[Solved]Upgrade from 23.1.11_1 to 23.7 failing

Started by ajeffco, August 02, 2023, 07:53:29 PM

Previous topic - Next topic
August 02, 2023, 07:53:29 PM Last Edit: August 03, 2023, 12:29:31 AM by ajeffco
Hello,

Have an odd issue I haven't seen any postings about.

I have OPNsense installed on Proxmox with 2 identically configured (except IP configs) OPNsense vm's running on 2 different PVE nodes, not clustered , in a carp configuration.  I upgraded OPNsense vm #2 this morning without any issue from 23.1.11 -> 23.1.11_1 -> 23.7.

The same upgrade path on the OPNsense vm #1 is not working.  It successfully updated from 23.1.11 -> 23.1.11_1.  When I try to upgrade via GUI or CLI to 23.7, it downloads and installs items, then says it's performing an upgrade (screenshot #1).  However instead of rebooting, it just shuts down entirely.  When I start the now shutdown VM, it boots into 23.1.11_1 like nothing ever happened (screenshot #2).

Not even sure where to start looking for logs on what might be causing this.  Any help would be appreciated.

Thanks.
Dual Virtual OPNsense on PVE with HA via CARP
Node 1: OPNsense 24.7.3_1 - Protectli Vault FW6E (i7)
Node 2: OPNsense 24.7.3_1 - Qotom-Q555G6-S05 (i5)

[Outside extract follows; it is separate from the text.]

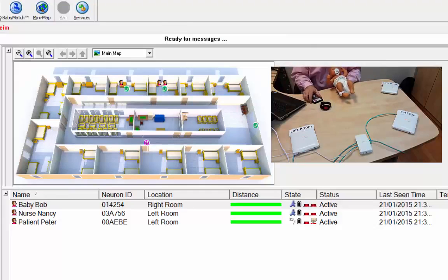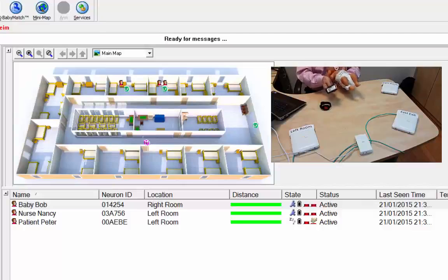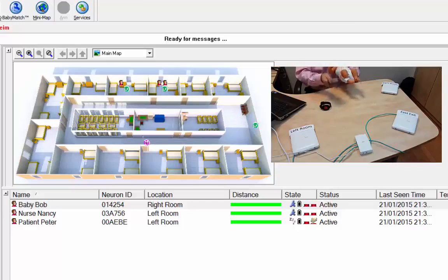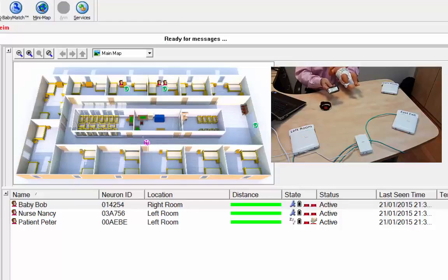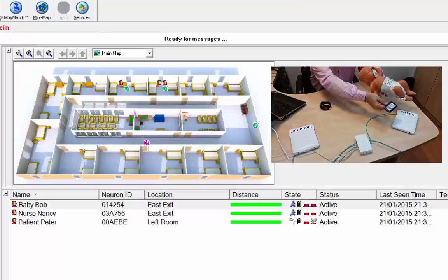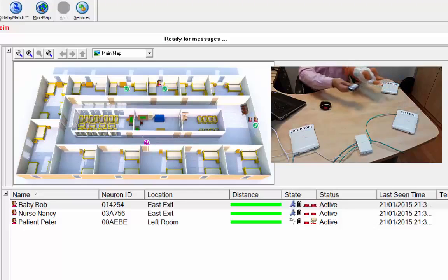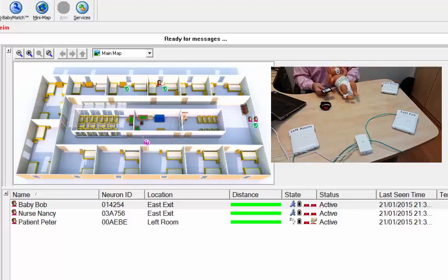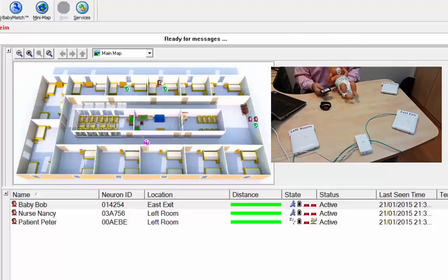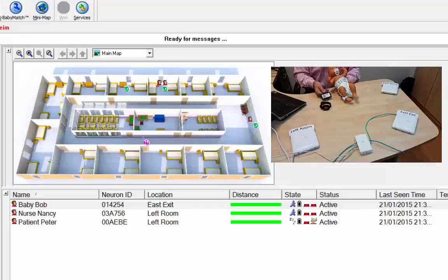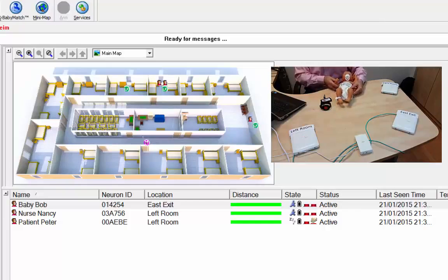Now, I'm going to take the staff and the infant together into the exit. So, now, they both go into the exit, and there's no alarm. So, that's how we do escort.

It's a fairly clean output there, not much stands out.

Did you try disabling Xymon pre-upgrade ? You can reenable it after.

I hadn't thought of it but can try it.  The other OPNsense VM has xymon running as well, no trouble on that node at all, it was flawless.

From the megathread I found after posting my issue, I tried the following:

opnsense-update -u
opnsense-shell reboot


It looks like pretty much the same as the GUI and CLI Menu attempts.  Downloads some stuff then says its rebooting, shuts down and on manual start comes up in 23.11.1_1.

I'll try disabling the xymon client and see if that makes a difference.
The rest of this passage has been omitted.